Work to complete | As written and without pictures, set down the lines from the one that contains "アンティーク建具　和の雰囲気" through the end of the data.

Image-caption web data
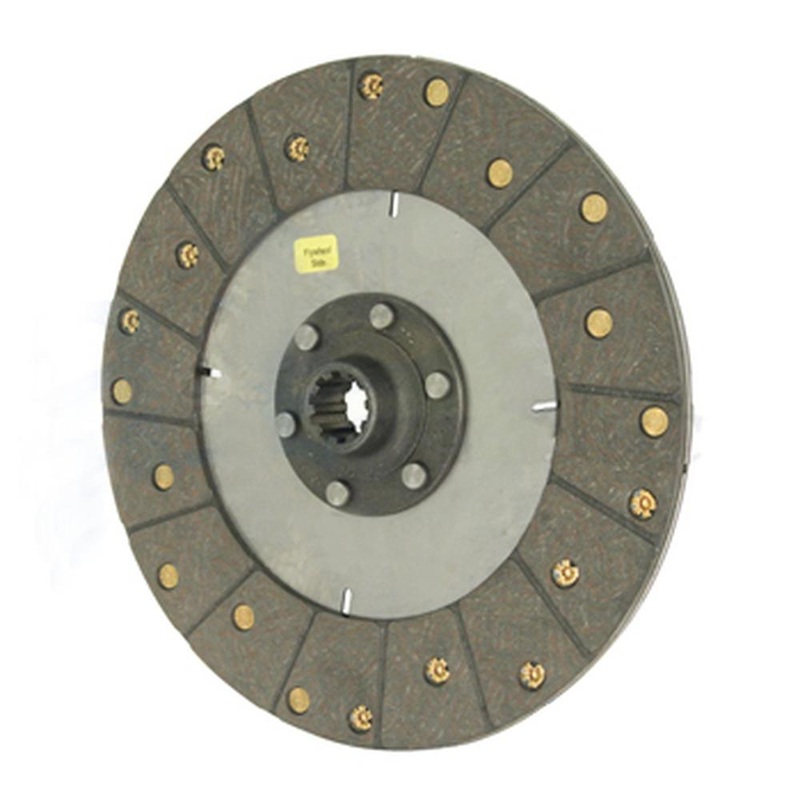 100687AS New 10" Clutch Friction Disc for Oliver White Tractors 55 550 2-44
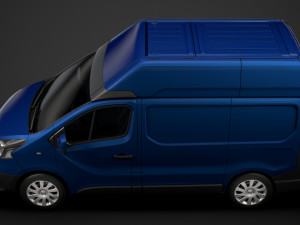 nissan nv300 van l1h2 2020 Model 3D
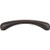 Atlas Bridge Door Pull 3 3/4 Inch (c-c) - Venetian Bronze, A801-VB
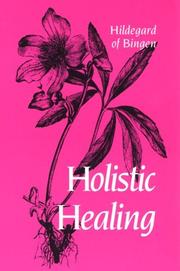 Cover of: Holistic healing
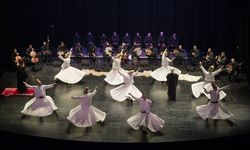 AKM'de Suzidilara Ayini ve Mevlevi Mukabelesi gerçekleştirildi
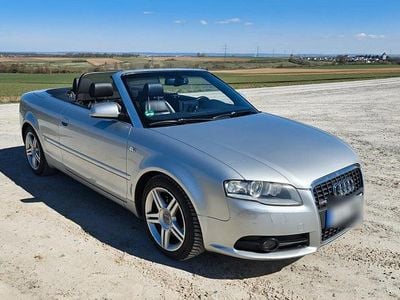 Gebraucht Audi A4 Cabriolet S-Line 200 PS (147 kW) 2008 Silber Cabrio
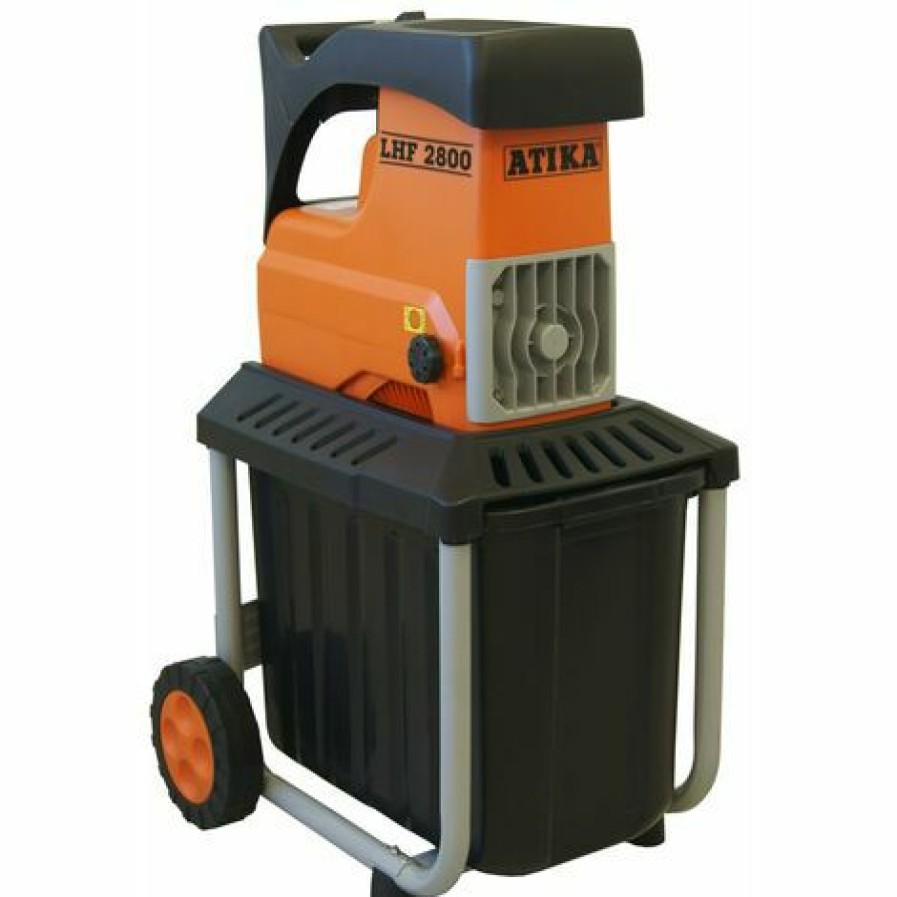 Atika Lhf 2800 Leise-Walzenh Cksler Gartenh Cksler Elektroh Cksler Schredder | 230V | 2800W Hot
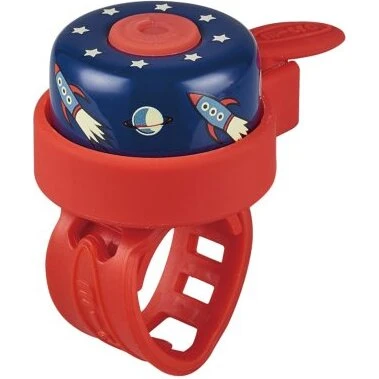 Micro ringeklokke Neochrome, lilla 3,4 cm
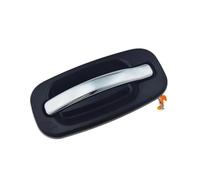 Poignée extérieure de portière de voiture Poignée de porte extérieure avant chromée 15745149 pour Chevrolet Silverado Sierra 99-06 Remplacer(Front Right)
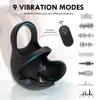 Toy jouet chastety Remote Vibrateurs Tesile Massager Toys for Men Menless Masturbator Pinis Ring Vpeses vibrantes Cage masculine Meilleure qualité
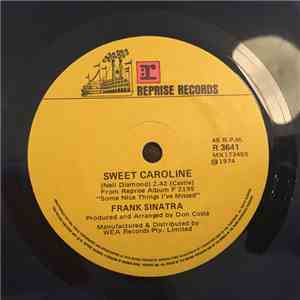 Frank Sinatra - Sweet Caroline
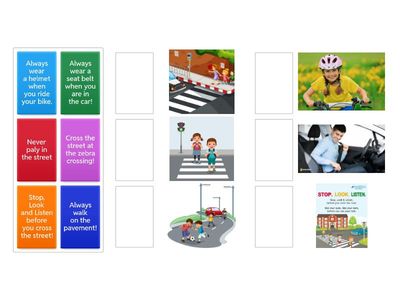 Be safe in the street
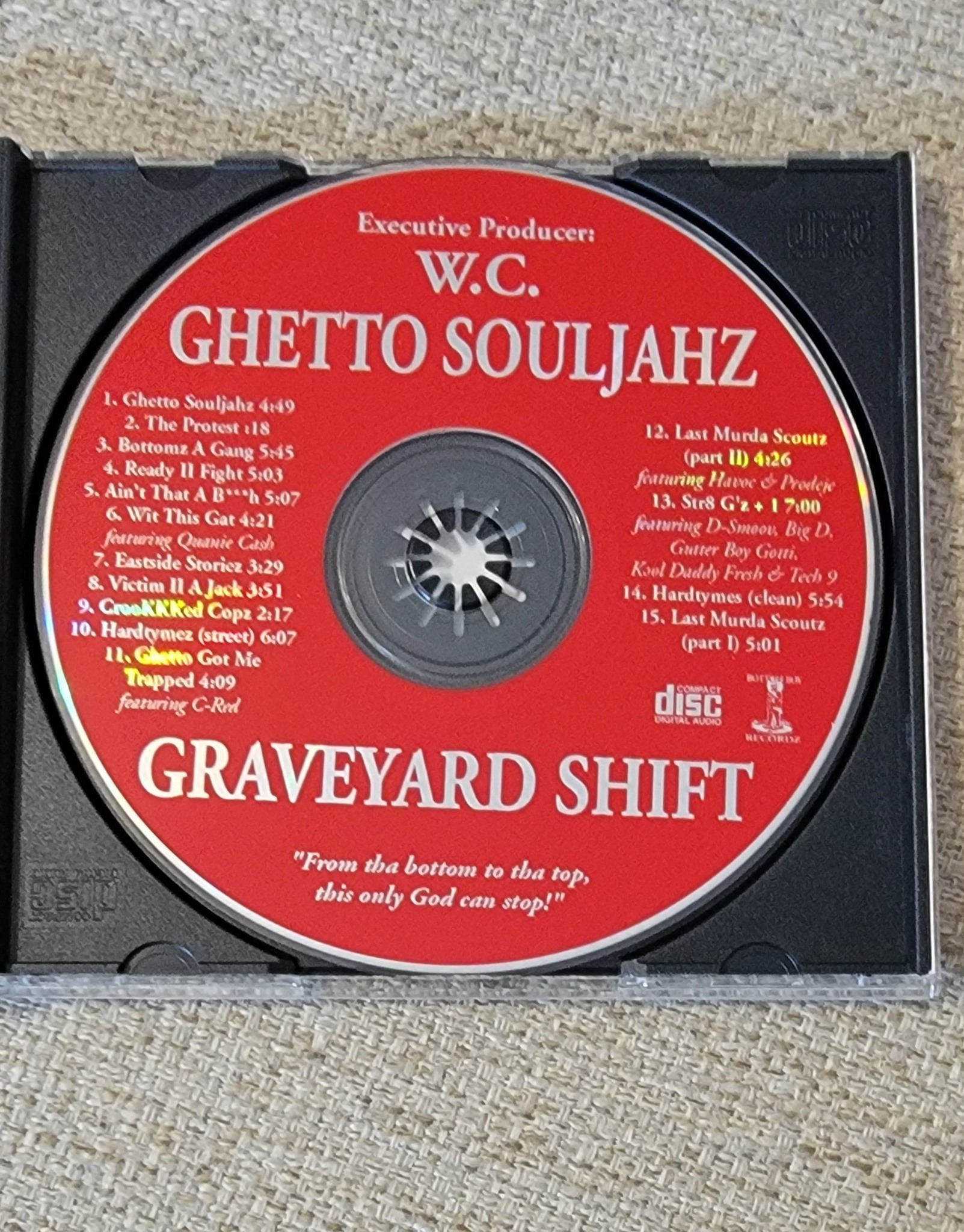 洋楽 GHETTO SOULJAHZ MUSIC CITY M.O.B. GHETTO SOULJAHZ MUSIC CITY M.O.B.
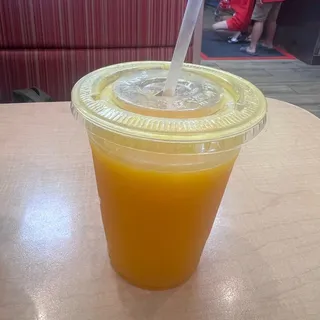 44. Fresh Orange Juice with Ice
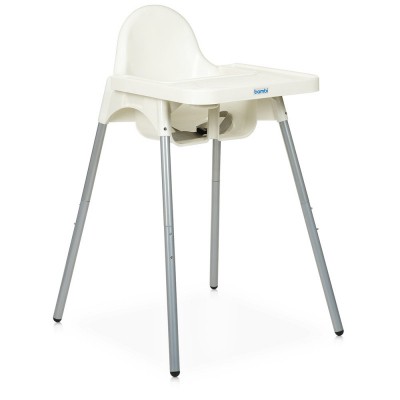

Стульчик для кормления Bambi M 4209 white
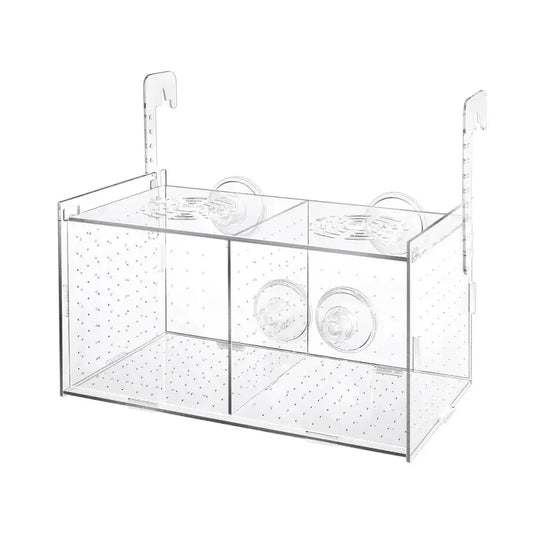 Flatpack Arcylic Breeder Isolation Box 30cmx15cmx15cm -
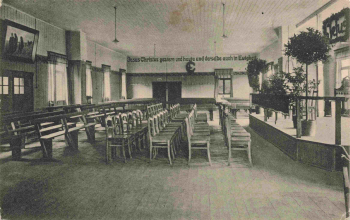 Klingenthal Sachsen Großer Saal der Landeskirchlichen Gemeinschaft o 1927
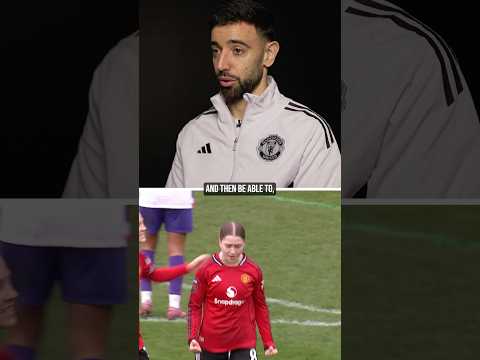 Bruno Fernandes REACTS To Jess Park’s BEST MOMENTS 👀🔥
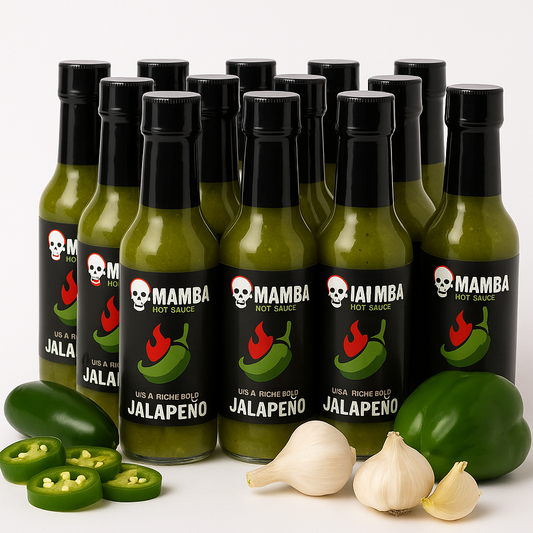 USA Rich & Bold Jalapeno CasePack of 12 bottles 5 OZ each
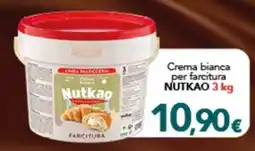 Altasfera Crema bianca per farcitura Nutkao offerta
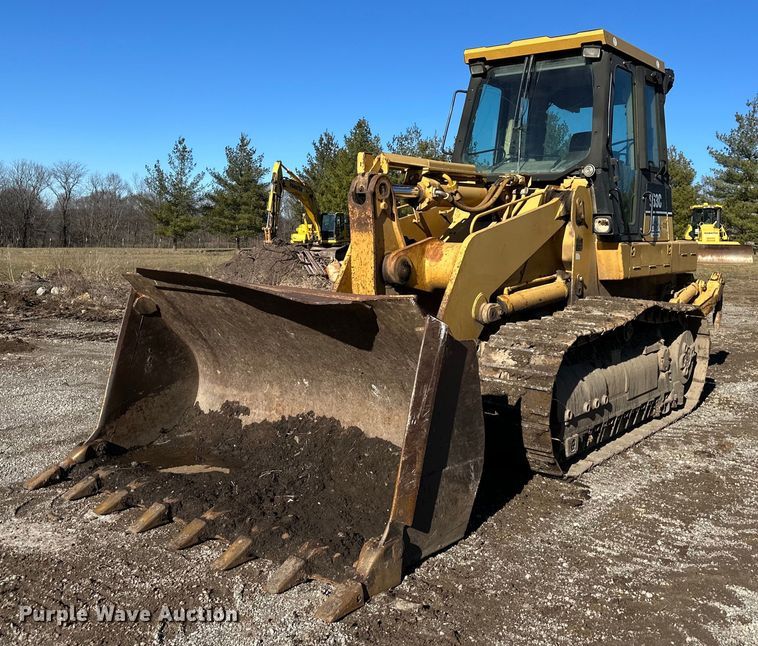 image for item DQ6539 2002 Caterpillar 963C track loader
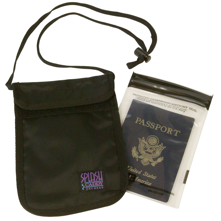 Loksak Passport Neck Caddy 5"x7" (12.7 x 17.8 cm)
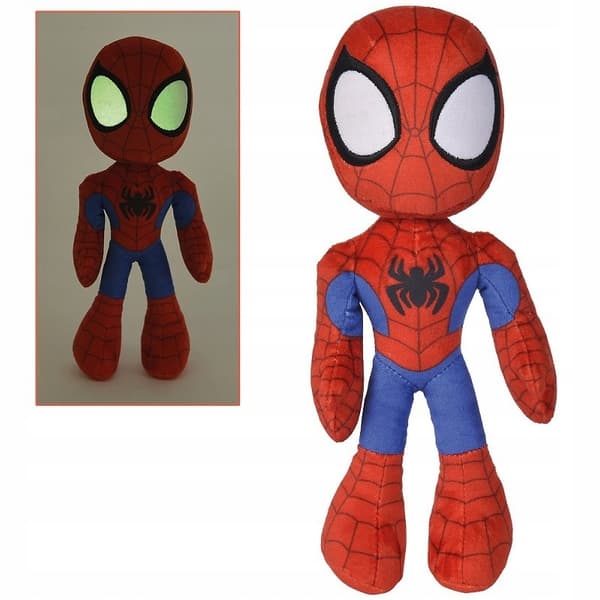Simba Disney Marvel Spidey Plyslegetøj 25 cm Spider-Man Spider-Man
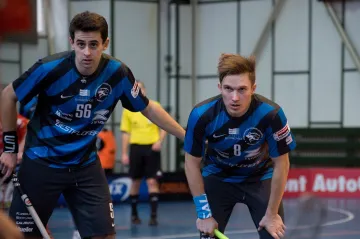 Florbalisté Otrokovic ve čtvrtfinále potřetí zdolali Chodov a mají mečbol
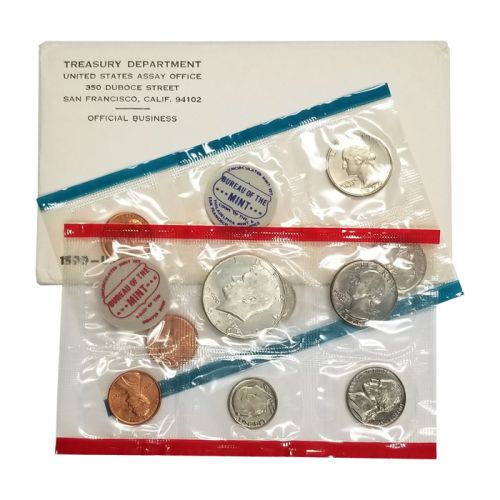 1970 United States Uncirculated Mint Set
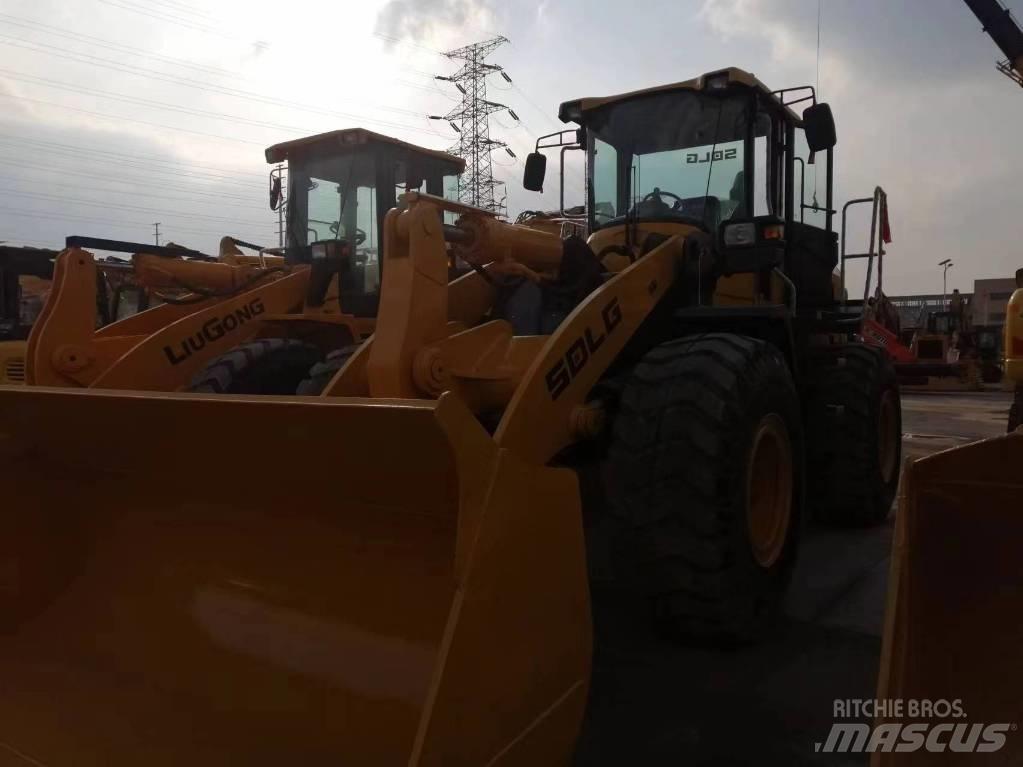 Lingong 956F Pás carregadoras de rodas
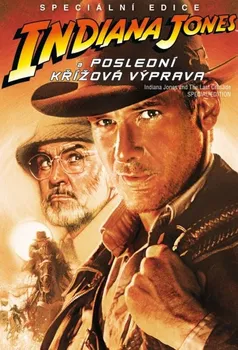 DVD film DVD Indiana Jones a poslední křížová výprava (1989)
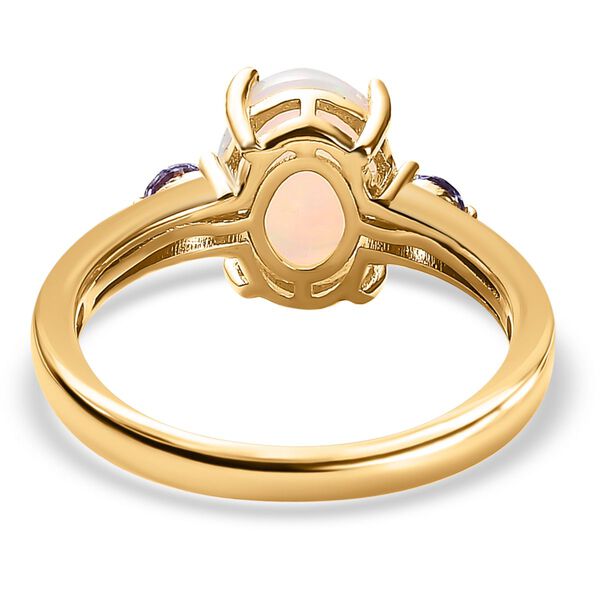 AA &auml;thiopisches Welo Opal und Tansanit-Schmuckset - 2,67 ct. image number 7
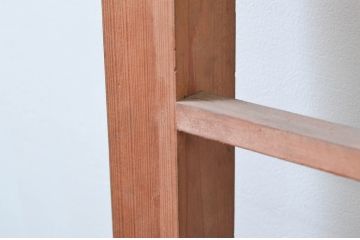 アンティーク建具　和の雰囲気を高める障子蔵戸1枚(引き戸、障子戸、玄関戸)(R-079869)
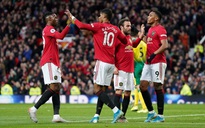 Man United đại thắng, mở đại tiệc "nhà hát" Old Trafford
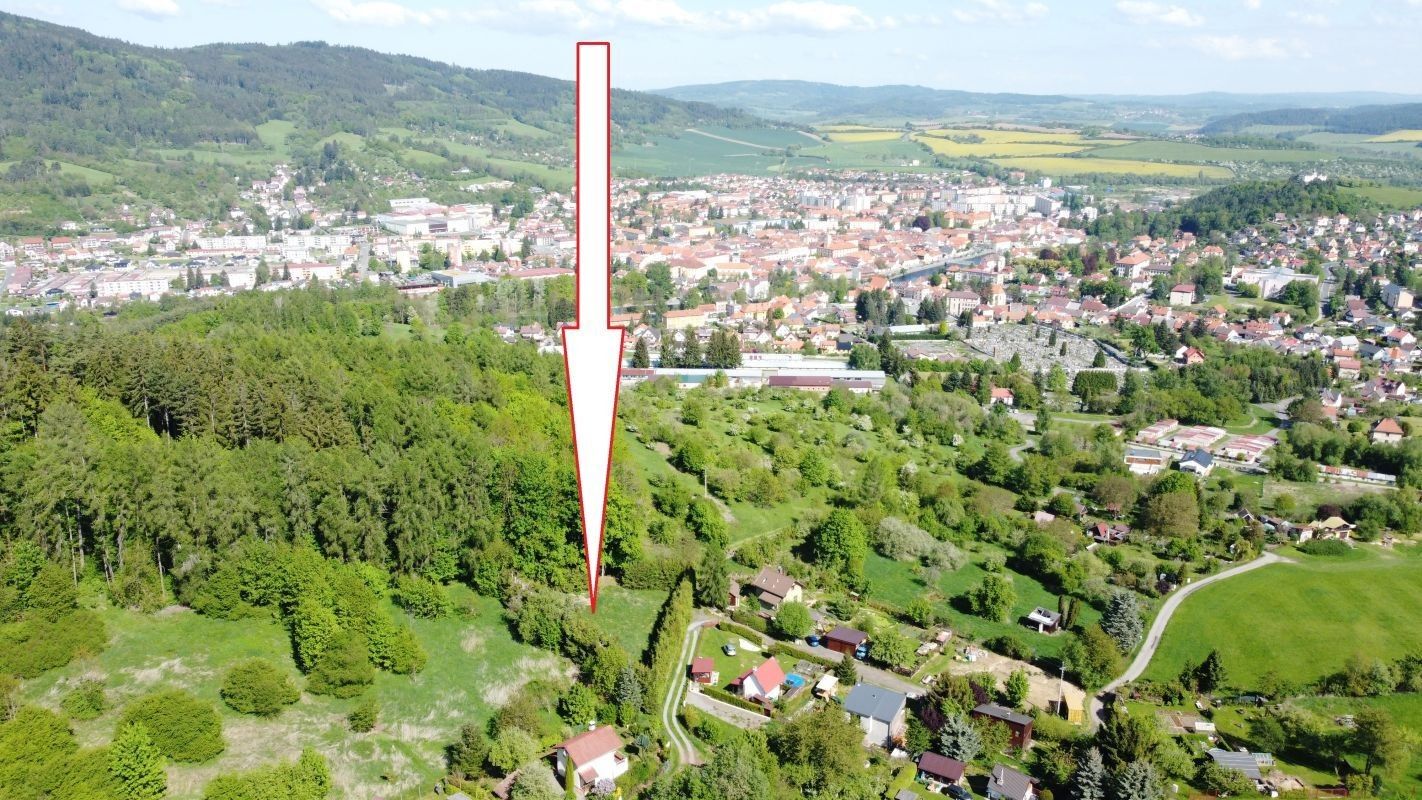 Pozemky pro bydlení, Sušice, 634 m²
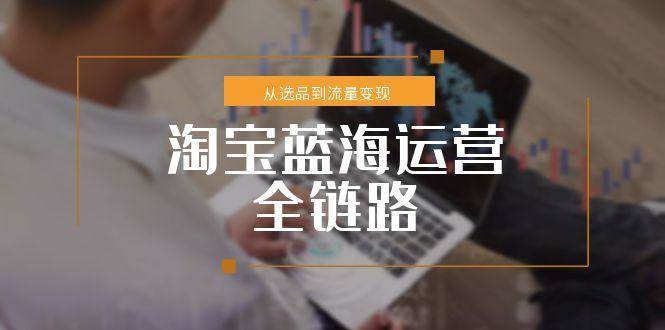 20260302031120-69a4ffd8006e6.jpg 淘宝蓝海运营全链路,从选品到流量变现,小类目突围完整方案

Response |
 アンティーク建具　和の雰囲気を高める障子蔵戸1枚(引き戸、障子戸、玄関戸)(R-079869)
 Man United đại thắng, mở đại tiệc "nhà hát" Old Trafford
 Pozemky pro bydlení, Sušice, 634 m²
 20260302031120-69a4ffd8006e6.jpg 淘宝蓝海运营全链路,从选品到流量变现,小类目突围完整方案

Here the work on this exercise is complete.